Wednesday, September 2, 2009

Dumplings


I started today with a runny nose and cough. This isn't unusual for me in the mornings, but it was more severe than usual. I was having trouble lying down (when I did, I started coughing like crazy), so I sat up in bed to read.

For the record, this was around 6:15. Around 6:45, there was a "pop" and the bedside lamp went out. Replacing bulbs didn't improve anything, so I guess I need a new lamp. I can't complain - I've probably had this one for 12 years or so - but that meant I got out of bed before 7, which hadn't really been part of my plan for the day.

I had breakfast, then updated my resume for my meeting tomorrow. After that, I headed to the gym. When I got back, I had lunch, then spent a lazy afternoon reading a book. (Devil Bones by Kathy Reichs, if anyone is curious.)

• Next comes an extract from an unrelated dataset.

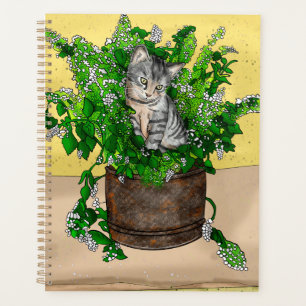 Gray Kitten in Eimer Catnip Planer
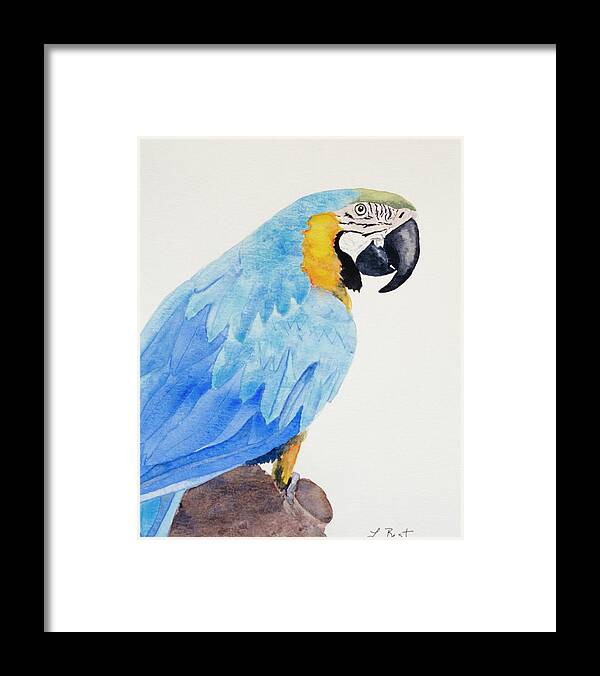 Polly Framed Print featuring the painting Polly by Laurel Best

Eventually, I decided it was time to work on the to-do list, so I washed the windows. (Well, technically I skipped the outside of one window - it's behind bushes and it's hard to get a ladder in there.

After that, it was time for something I had been procrastinating on - I started making Plum Knaddle (i.e. plum dumplings). This was a traditional food in my mom's family. The origins of the food are hazy (as are the origins of my mom's ancestors - they come from "the old country"). However, years ago I brought this to work and one of my co-workers who was raised in Eastern Europe recognized it.

Ingredients:
6 potatoes
1 egg
flour
1/4 pound butter
pinch of salt
plums (12 - 20)
sugar
butter

Peel the potatoes, then boil. When they are soft, mash them and measure how much you have. Add an equal amount of flour, the egg, and the salt. Knead well. Roll out dough on a floured board to a thickness of 1/4 inch. Cut into 4 inch squares and place a plum in the centre of each. Bring the corners together and press until you have a watertight dumpling.

To cook:
Drop a few at a time into boiling, salted water and cook 15 minutes. Make sure they don't sink to the bottom.

Drain the dumplings as they are done.